In terms of the Bitcoin community in Canada as a whole, there are a number of interesting developments in store. There are now an increasing number of Canadian Bitcoin businesses out there; Coinkite, a company coming out with a Bitcoin debit card, merchant terminal and online wallet, is based in Canada, as are the Bitcoin meta-exchange bex.io, the more traditional Bitcoin exchange and now merchant processor CaVirtex and the “Bitcoin gift card” seller Cointap.
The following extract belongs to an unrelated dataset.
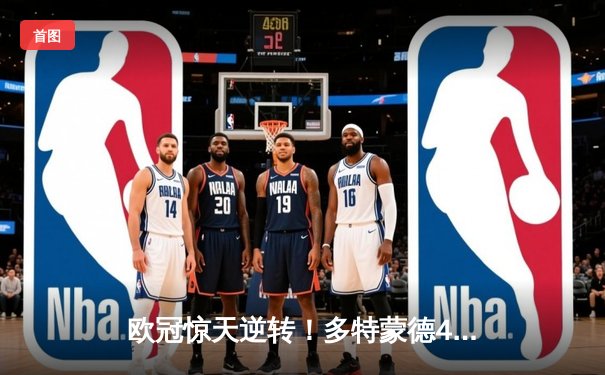 欧冠惊天逆转！多特蒙德4-2力克马竞，萨比策传射建功锁决赛席位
The Canadian Bitcoin community also has its own increasingly popular forum, coinforum.ca. One group that has received a substantial amount of media attention has purchased five Robocoin Bitcoin ATMs and intends to place them in five cities across Canada; the first will soon appear in a coffee shop in Vancouver, followed by another in Toronto.
Another city that particularly stands out in the Canadian Bitcoin scene is Montreal. The city was the first in the world to announce a Bitcoin embassy, a 1400-square-meter space that will be used as a central hub for Bitcoin activity in the city. People curious about Bitcoin and merchants interested in accepting it will be able to go there and find help, and Bitcoin developers are already using the space as a workplace. There are plans to create similar embassies in other areas.
In Toronto itself, merchant adoption has been slow. Although the local Bitcoin community is certainly growing, with roughly 20-30 people attending every twice-monthly meetup and a record of 60, there are still no grocery stores or restaurants accepting Bitcoin in the city. However, that does not at all mean that the progress is not there. CoWorkingSpace, a large 1400-square-metre workspace where anyone can rent a desk, cubicle or office and work and interact with people from different companies during breaks, has been accepting Bitcoin for six months. There are also many individuals who accept Bitcoin in Toronto, including accountants, lawyers, an army surplus sellers, and plenty of online retailers accept Bitcoin as well; they may not have publicly accessible storefronts that Bitcoin users can point to on a map, but they are part of the Bitcoin community nonetheless.
And even brick and mortar stores and restaurants will soon come as well. CaVirtex, the leading Canadian Bitcoin exchange, has recently unveiled its own BitPay-style merchant services platform and the company has now also hired salespeople with the sole objective of signing up merchants to accept Bitcoin. With a growing startup culture in Toronto and the nearby town of Waterloo, both known for having the two best university computer-science programs in Canada, and the surprisingly strong communities in Montreal and Vancouver, Canada may be well on the path to being a Germany-scale Bitcoin hotspot in its own right.